Today, I changed back to the original Healthways Scuba regulator, as that exhaust really did not hack it for me. I hope to re-unite with a Healthways SCUBA Deluxe regulator that I had in the 1980s, which is now at a dive shop in a different city. I remember that the Healthways SCUBA Deluxe (Gold Label) had a small metal projection that kept the diaphragm from impinging upon the exhaust mushroom valve. This makes me think that, of the Healthways SCUBA regulators, get either the original one, or the SCUBA deluxe Gold Label. The middle one has real problems with breathing resistance on both inhalation (using the original hose/mouthpiece system) and exhalation under some circumstances. I tried the regulator today with the original hose/mouthpiece system and the non-returns in the mouthpiece, and the diaphragm did not impinge on the exhaust mustroom. But the tradeoff was that the non-returns caused a much-increased inhalation resistance.
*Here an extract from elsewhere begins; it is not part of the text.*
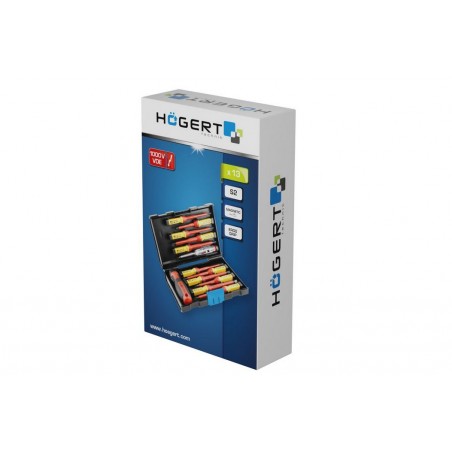 Zestaw wkrętaków 1000V Hogert HT1S997 stal S2 13 szt.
I've now rebuilt two of the blue label SCUBA models. However, the adjustment screw on the first one I had was badly stuck, and I ended up stripping it accidentally. So, I need to either find a new screw, or make one. That was the one that I mentioned shuddering above. The second I took to the pool last week. It breathed well, especially compared with the DA I keep messing with. The only problem I had was that I switched from the older style hose clamps to some new ones, and the 1" side didn't seal well and leaked. I also need to fabricate a new duckbill, since mine is on its last leg. I'd also like to make or purchase a new diaphragm. Mine are old and a little stiff, and I think that a new silicon one would make a world of difference.
Well, I've decided to make a slight modification to the regulator body. I'm having a machine shop drill a new set of holes for mounting the levers. Most of the air seems to escape around the sides of the levers. So, I am going to try realigning the levers, to have the air directed into the intake hose. Any thoughts on this? I'll give my impressions when I get the body back and get to test it.
How do you make a duckbill? My duckbill on my Healthways has see better days. The secondary exhaust diaphragm has a small hole, I was thinking about using neoprene cement to patch the hole. Is this a bad idea? I am open to suggestions how to repair my duckbill and secondary exhaust diaphragm. Does anyone have a spare Healthways main diaphragm that they are willing to part with for a reasonable fee? I have a company that may be willing make some, I would hate to lose my only diaphragm. I ordered an extra USD duckbill, I will see if that can be adapted to the Healthways.
Well, I've heard of people doing it for one off parts, so it can't be too hard. I'm going to experiment with some liquid silicone rubber that I have. I'll let you know what I find out. Yes, I can't see how patching the exhaust diaphragm with aquaseal or the like would hurt. I would just patch it.